The region is extremely important for India’s Energy Security, Economy and Investment and above all for the over 8.5 mn Indian expats who are instrumental in the overall growth and development of the Gulf countries while acting as living bridges and remitters of nearly 10% of India’s foreign exchange reserves. UAE and Saudi Arabia and Qatar have emerged as the critical trade and investment partners with Abu Dhabi being the 3rd largest and Riyadh the 4th. Thousands of Indian companies have established their presence in the Middle East who have invested over $ 80 bn there.
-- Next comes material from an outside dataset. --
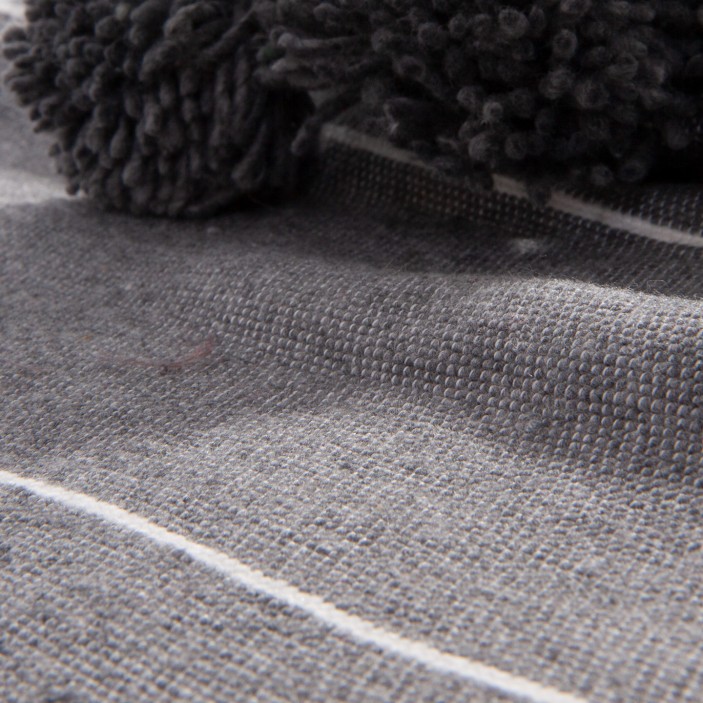 Grafitowy pled bawełniany w paski. Ręcznie tkana narzuta z chwostami. Nowoczesny dodatek w stylu skandynawskim i loft. (5)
GCC and India realize the immense potential but have certain complexities too that would need to be addressed. When the discussions first began there was a fear in India that India’s petrochemicals industry and export might suffer but now India has become more confident. But it is important to assess the direct benefits that might accrue but could be limited by the intra GCC dynamic and competition. Riyadh had recently asked all foreign companies and corporates to open their offices and facilities in the Kingdom by 2024 in pursuit of Vision 2030.And those outside will not be able to secure government projects and contracts.
Moreover, can the mobility of professionals within the GCC and uniform work permits, at least for professionals if not for all, be agreed upon under the FTA regime. Likewise, to obviate the currency risks can the national currency be the preferred route and how?
It has to be a plus in the bilateral format since the plurilateral ones like the I2U2 (with India, UAE, USA and Israel focusing on trade and technology) are already showing much greater promise. It might also be useful to look at the countries which already have an extensive network of existing FTAs with major markets and signing one with them could provide Indian companies a much greater market access through the prescribed value addition. The Hashemite Kingdom of Jordan is one such option worth exploring.